- Opening Delimiter -

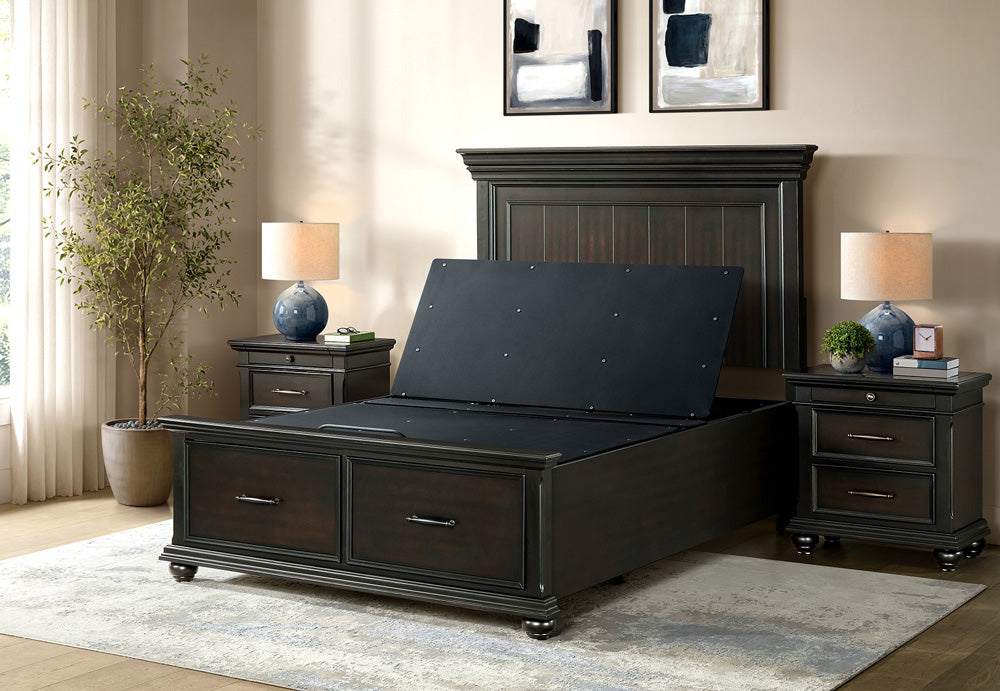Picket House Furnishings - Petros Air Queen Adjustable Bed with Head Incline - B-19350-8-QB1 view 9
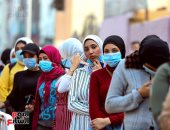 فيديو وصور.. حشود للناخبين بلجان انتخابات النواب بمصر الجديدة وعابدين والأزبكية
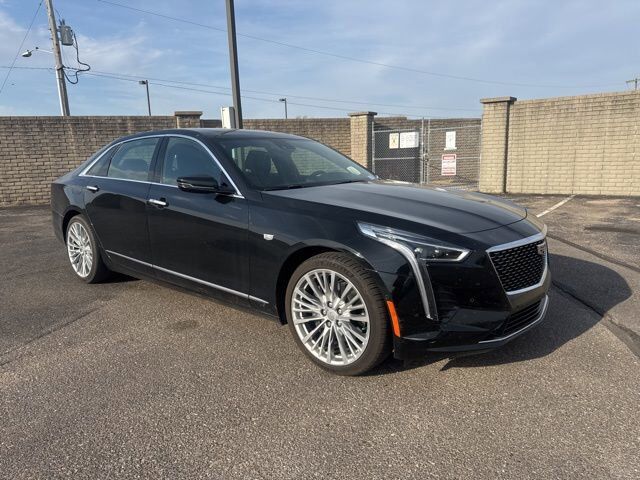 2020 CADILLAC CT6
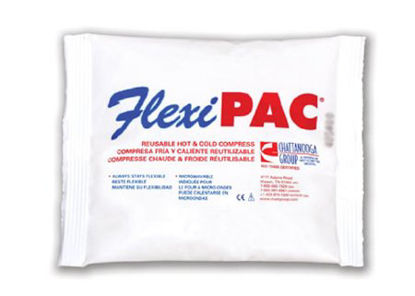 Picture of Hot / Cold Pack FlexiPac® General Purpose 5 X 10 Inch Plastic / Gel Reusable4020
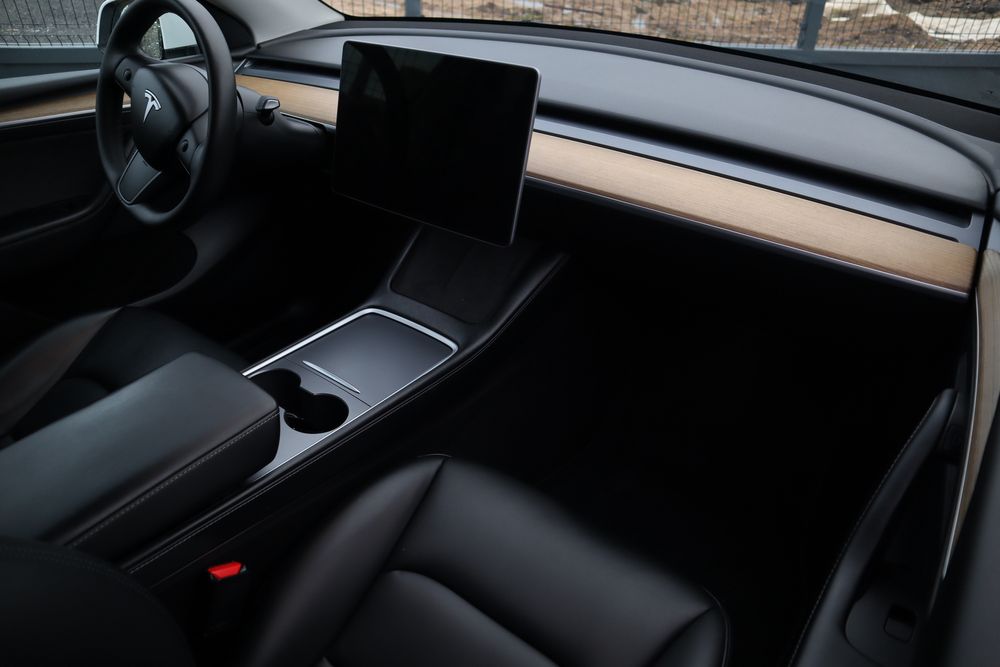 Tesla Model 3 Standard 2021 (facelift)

- Closing Delimiter -
- Opening Delimiter -

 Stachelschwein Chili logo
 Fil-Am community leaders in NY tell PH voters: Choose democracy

- Closing Delimiter -
- Opening Delimiter -

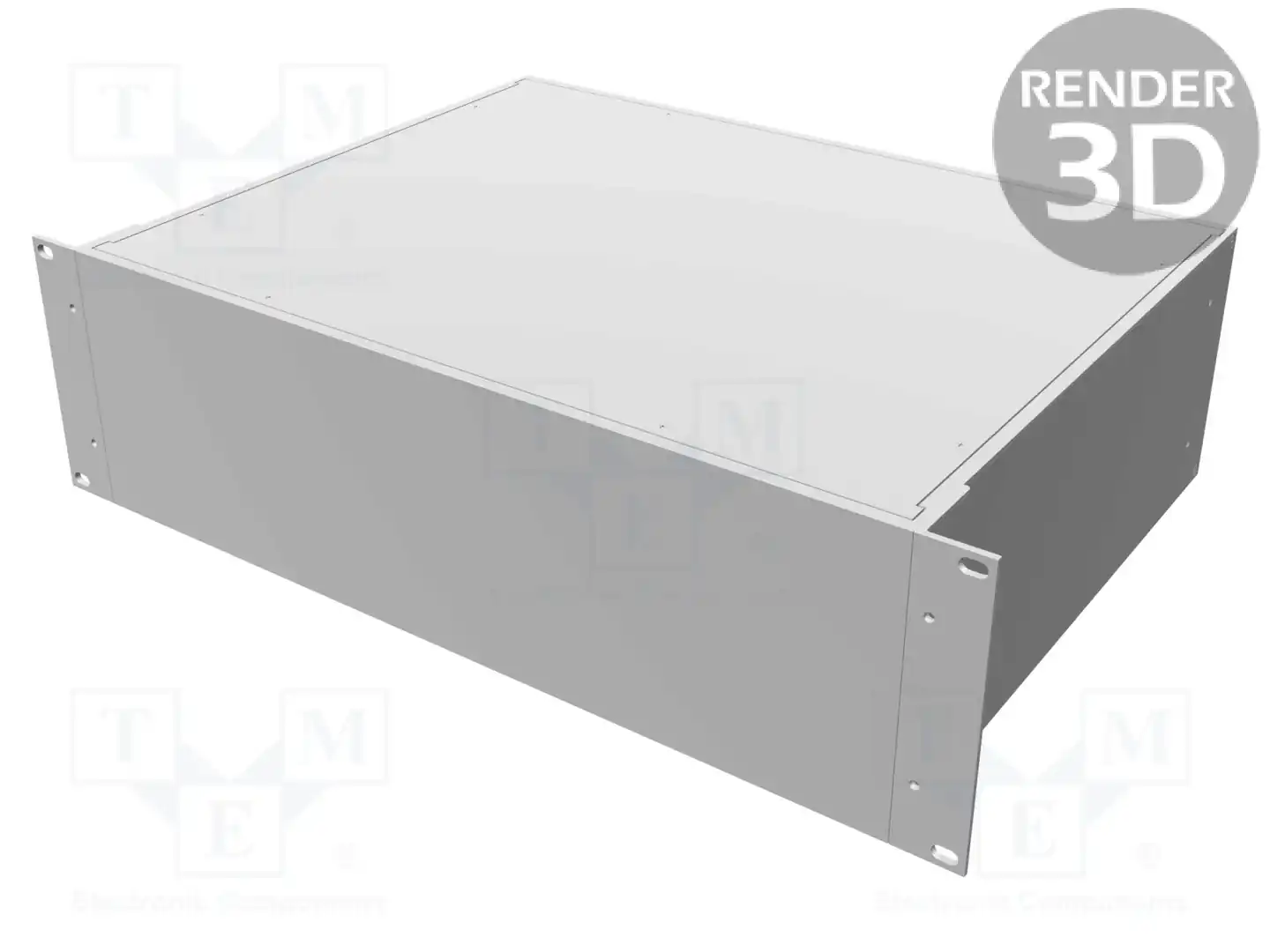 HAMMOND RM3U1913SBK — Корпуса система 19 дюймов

- Closing Delimiter -

**WORK REQUEST:**
Copy out exactly the material that runs from the line with "فيديو وصور.. حشود" to the line with "Tesla Model 3 Standard 2021 (facelift)", ends included, and leave the pictures behind.

**SOLUTION TO THE PROBLEM:**
 فيديو وصور.. حشود للناخبين بلجان انتخابات النواب بمصر الجديدة وعابدين والأزبكية
 2020 CADILLAC CT6
 Picture of Hot / Cold Pack FlexiPac® General Purpose 5 X 10 Inch Plastic / Gel Reusable4020
 Tesla Model 3 Standard 2021 (facelift)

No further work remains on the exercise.